Only now does my mother have a life story; aged 84, a widow for two years. She tells me, in weekly sessions, about her youth in Indonesia (warmth, freedom), the years before she married and had children (freedom, friendship, drawing), the period when she was bringing up a family, her depressions, and how it is now – a phase that she experiences similarly to the time before her marriage: freedom, an independent rhythm, friendship; the wheel come full circle. Since my father’s death she has blossomed: she has gained her own voice, she observes the world, she has a story to tell.
My closeness to her is an advantage in our talks together: she trusts me and feels confident with me. She would never tell so much to a stranger.

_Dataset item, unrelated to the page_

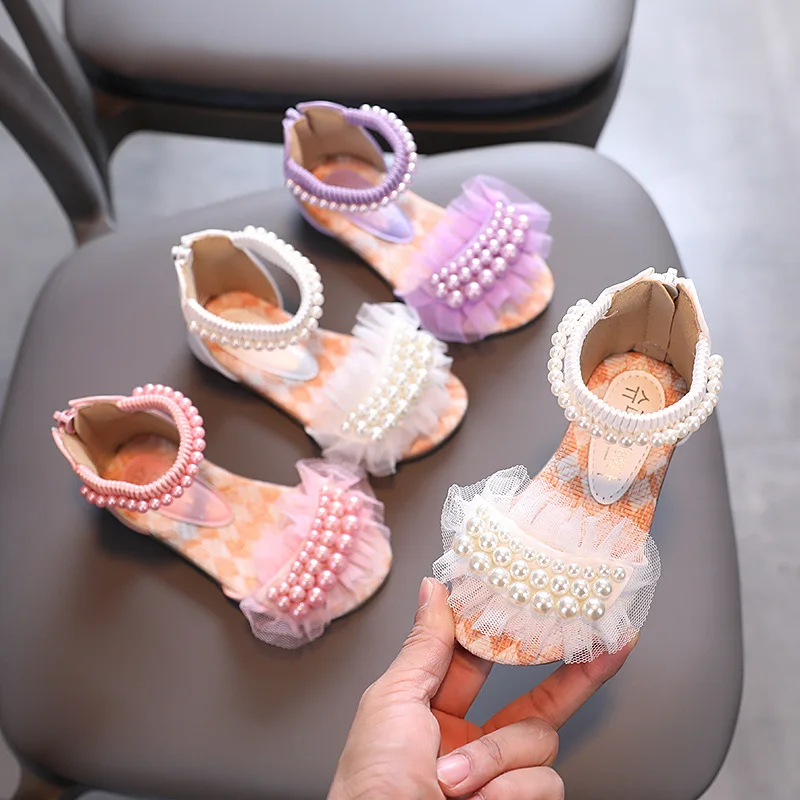 Summer Children's Fashion Sandals Girls Rhinestone Princess Shoes Kids Lace Pearl Flower Beach Sandals Size 21-36 G605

And I can empathise with what she has to say. The disadvantage is that she is so much part of me (or I of her) that I run the risk of finding the things that she says quite matter-of-course – when they are in fact remarkable; that I don’t ask questions because I know that she finds them painful, that I collude in avoiding the same subjects as she does, and that I adopt our family’s feelings of hesitance and timidity without even realizing it. How much truth can she cope with? And how much can I bear? What does she want to save me from, and what do I prefer not to hear?
Her life story is a version that she can manage pretty well. She would not tell these stories so frankly and openly to an outsider; but an outsider would be more perceptive of things that I perhaps miss. Emotional and sociological distancing could contribute to another ‘truth’, comprising a more-encompassing narrative.